Meta Llama 4 Maverick
Overview
An open-source model with enhanced math, code, and conversation stability. Reported multimodal input, though details remain incomplete.
Key Specs
- Context: Reported long (undisclosed)
- Modality: Text + some image input
- Strengths: Coding, math reasoning, open-weight accessibility
- Limitations: Performance varies with fine-tuning, benchmarks still sparse
Use Cases
- Startups: Deploying cost-effective open-source copilots without licensing fees.
- Education: Local deployment for math tutors that explain solutions step-by-step.
- SMBs: Private deployment for sensitive IP (e.g., legal documents or proprietary code).
Example: A university fine-tunes Maverick locally to provide students with math and coding help while maintaining data privacy.
OpenAI gpt-oss-120B (Beta)
Overview
OpenAI’s Mixture-of-Experts (MoE) text-only model (117B parameters, 5.1B active per token). Open-weight release for reasoning and tool-use at scale.
Key Specs
- Context: 128k tokens
- Modality: Text-only
- Strengths: Strong reasoning and tool integration, scalable MoE design
- Limitations: No multimodal support, heavy compute requirements
Use Cases
- Enterprises: Running in-house reasoning systems without vendor lock-in.
- Developers: Building tool-use agents that integrate with APIs.
- Academia: Research on efficiency trade-offs in large MoE models.
Example: A logistics company uses gpt-oss-120B to optimise delivery routes, feeding 100k+ lines of historical shipment data into the model for reasoning.
xAI Grok 4
Overview
xAI’s Grok 4 integrates directly with X (Twitter), pulling live data for real-time answers.
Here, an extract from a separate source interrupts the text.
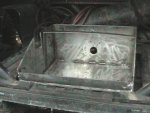 Gas_Tank_005.jpg Gas_Tank_005.jpg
Supports text, image, code, and video.
Key Specs
- Context: 128k tokens
- Modality: Multimodal (text, images, code, video)
- Strengths: Real-time integration, conversational persona with humour
- Limitations: X Premium+ only, moderation/privacy concerns, informal tone
Use Cases
- Media: Summarising breaking news and live streams in real time.
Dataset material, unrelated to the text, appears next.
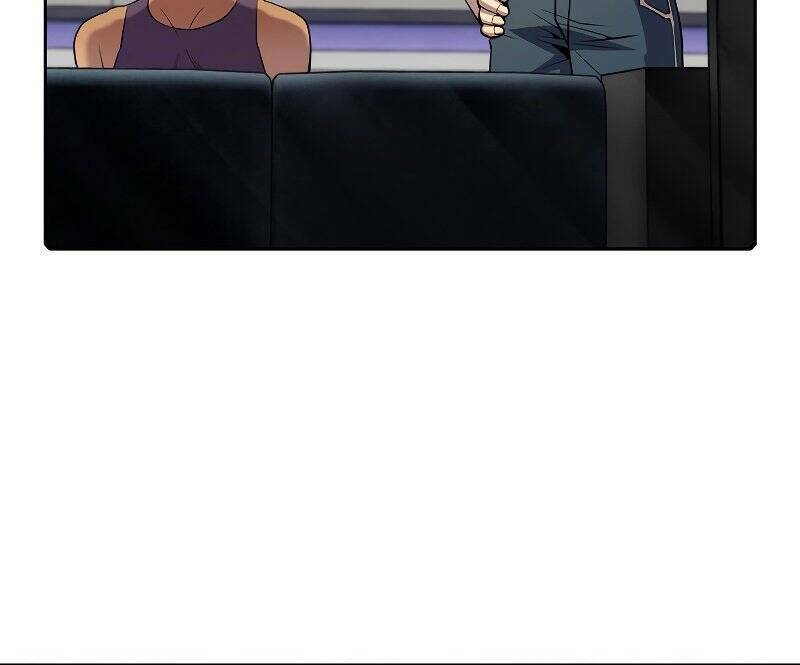 Người Chơi Trở Về Từ Địa Ngục - Chapter 83 - Page 28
- Retail: Monitoring social sentiment for product launches.
- Entertainment: Conversational agents that combine humour with live trending data.
Example: A sports broadcaster uses Grok 4 to generate live match summaries and highlight reels, integrating fan tweets in real time.
Choosing the Right Model
- Regulated enterprises: Cohere Command R for auditable RAG with citations
- Deep research & multimodal: Google Gemini 2.5 Pro for long-context analysis
- Open-source & customisable: Meta Llama 4 Maverick for private deployments
- Scalable reasoning at scale: OpenAI gpt-oss-120B for tool-integrated agents
- Real-time social awareness: xAI Grok 4 for live content and conversational AI
Conclusion
Generative AI is diverging into specialised paths: compliance-ready RAG (Cohere), multimodal reasoning (Gemini), open-source flexibility (Llama), scalable open reasoning (gpt-oss), and real-time integration (Grok).
For enterprises, the choice depends on balancing accuracy, scalability, data privacy, and domain needs. The most effective strategy may not be selecting a single model but combining them to suit use-specific workflows.